WORK ORDER — Could you output the entries that follow exactly, omitting any pictures they contain?

Short web captions

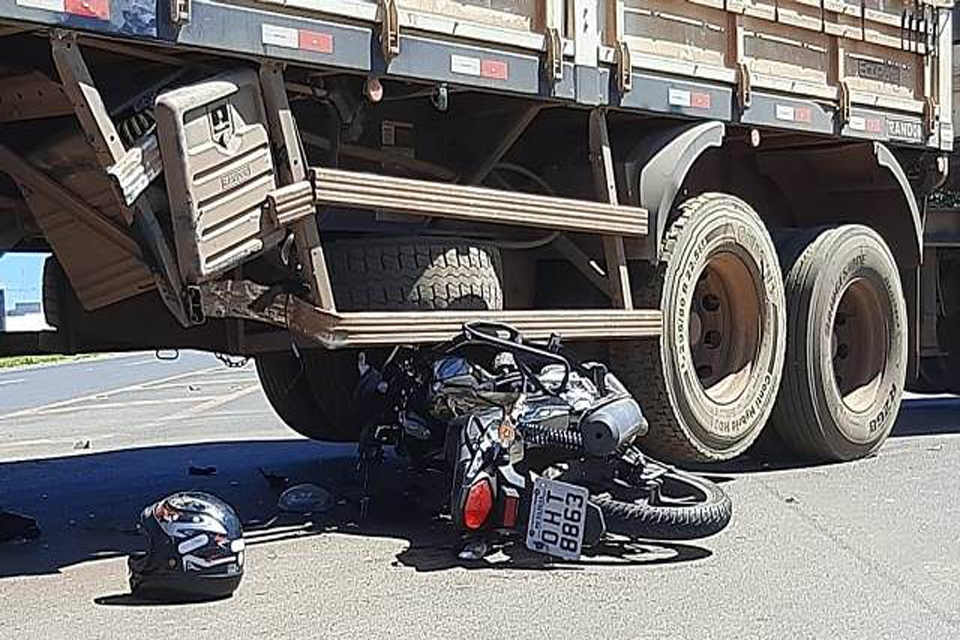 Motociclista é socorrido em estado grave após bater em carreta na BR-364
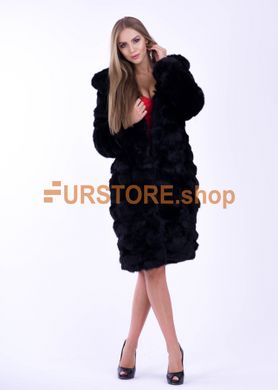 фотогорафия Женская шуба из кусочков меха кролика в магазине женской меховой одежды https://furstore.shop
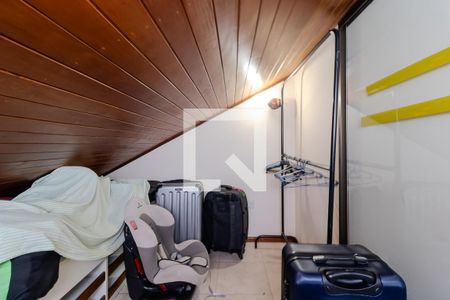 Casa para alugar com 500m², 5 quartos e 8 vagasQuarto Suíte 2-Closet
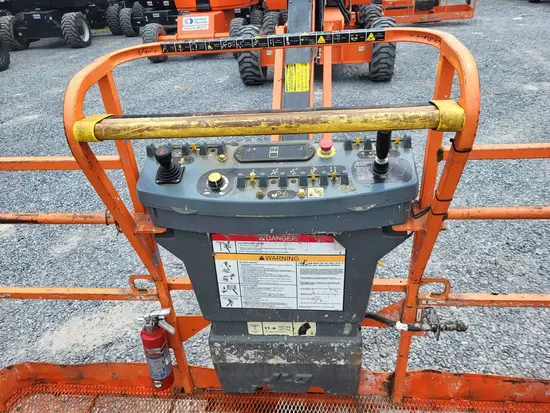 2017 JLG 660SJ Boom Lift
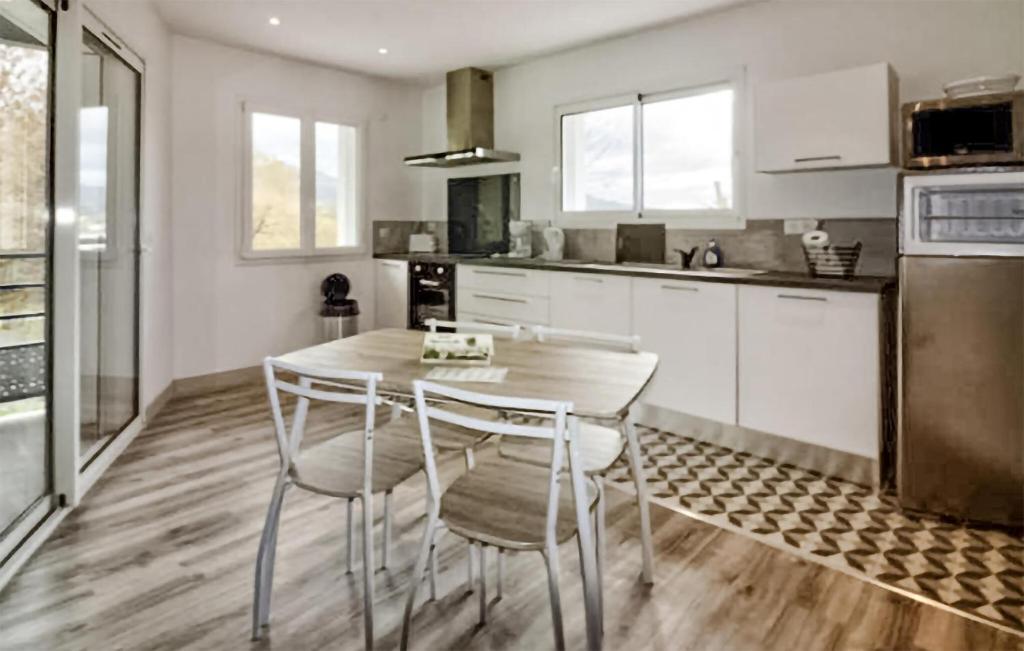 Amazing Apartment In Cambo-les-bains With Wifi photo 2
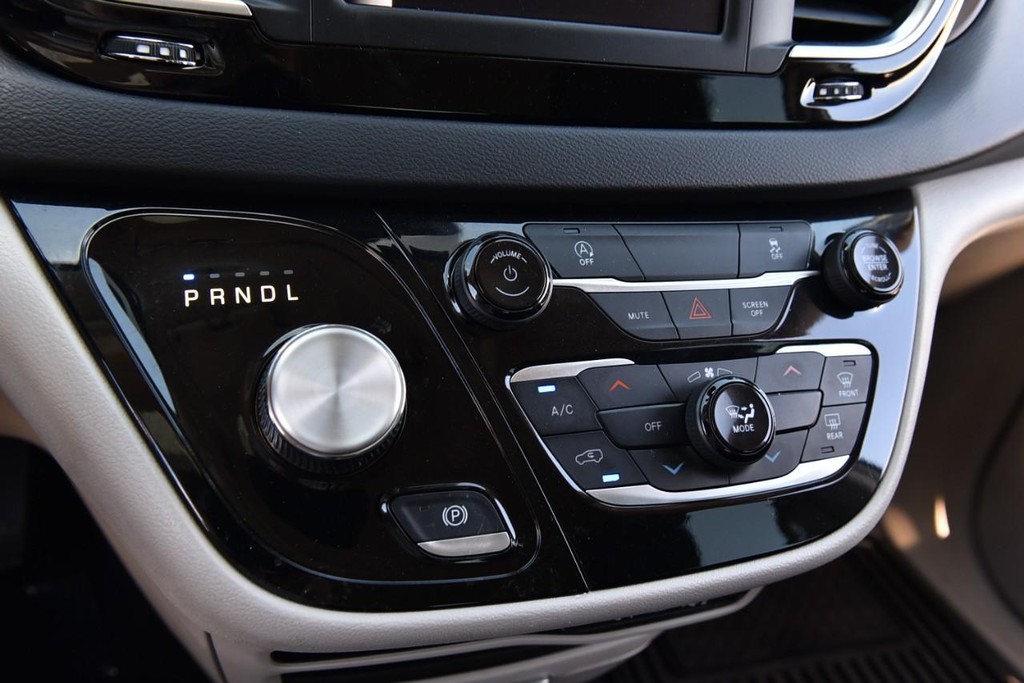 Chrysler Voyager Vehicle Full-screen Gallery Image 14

WRITTEN RESPONSE —
 Motociclista é socorrido em estado grave após bater em carreta na BR-364
 фотогорафия Женская шуба из кусочков меха кролика в магазине женской меховой одежды https://furstore.shop
 Casa para alugar com 500m², 5 quartos e 8 vagasQuarto Suíte 2-Closet
 2017 JLG 660SJ Boom Lift
 Amazing Apartment In Cambo-les-bains With Wifi photo 2
 Chrysler Voyager Vehicle Full-screen Gallery Image 14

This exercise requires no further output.